No revenues? No news …
The New York Times printed two compelling numbers Tuesday that ought to have newspaper beancounters quivering in fear:
14,626,000 — the number of unique visitors to classified advertising web sites in September 2004
26,349,000 — the number of unique visitors to classified advertising web sites in September 2005
That’s an 80 percent increase in the use of online classified ad services. Craigslist.org use increased 165 percent, according to The Times. Classified advertising — small text ads that seek or offer goods or services — is important to newspaper companies because it provides a significant source of revenue, as does display advertising. The two numbers proferred by The Times suggest that the number of people looking to buy or sell goods or services online is increasing at a dramatic rate.

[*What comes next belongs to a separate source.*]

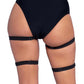 Leg Avenue Dual Strap Studded Thigh High Garters - Black - One Size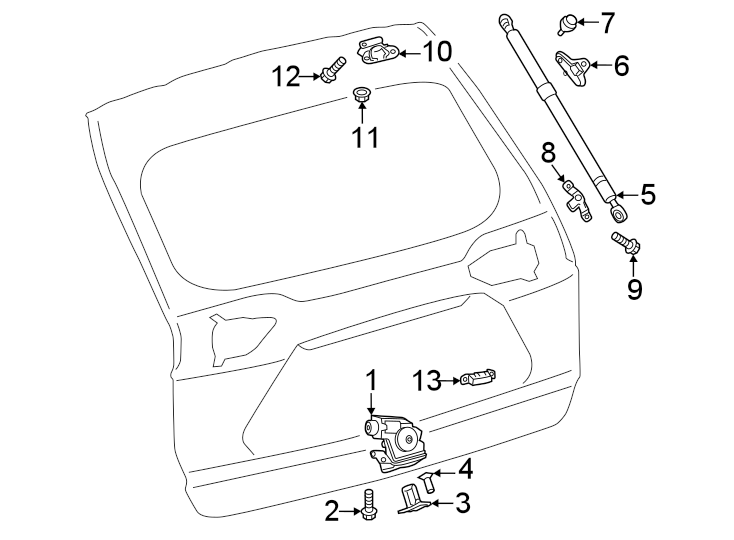 Diagram Lift gate. Lock & hardware. for your 2000 Toyota Avalon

That can’t be good for the newspaper industry. Without adequate and stable revenues, the industry’s ability to fulfill its public-service obligation under its grant of First Amendment protection would be compromised.
Newspaper company investors are unhappy, too. As circulation declines and revenues stagnate, share prices for media companies are dropping. Some investors want to break up media corporations, arguing that they’re worth more in pieces than as a whole. That can’t be good for newspapers, either. Under such pressure, Knight Ridder, the nation’s second-largest publisher of newspapers, put itself up for sale in mid-November.
In the face of such financial stress, it’s clear that newspapers need a new business model. Where will it come from?
Certainly not from the Newspaper Association of America. In a press release last week, its president and CEO, John F. Sturm, said:
The positive trend in retail and classified shows advertisers’ continued confidence in newspapers as an effective medium for reaching home buyers, job seekers and other prospective customers through core newspapers and a growing variety of a brand extensions. [emphasis added]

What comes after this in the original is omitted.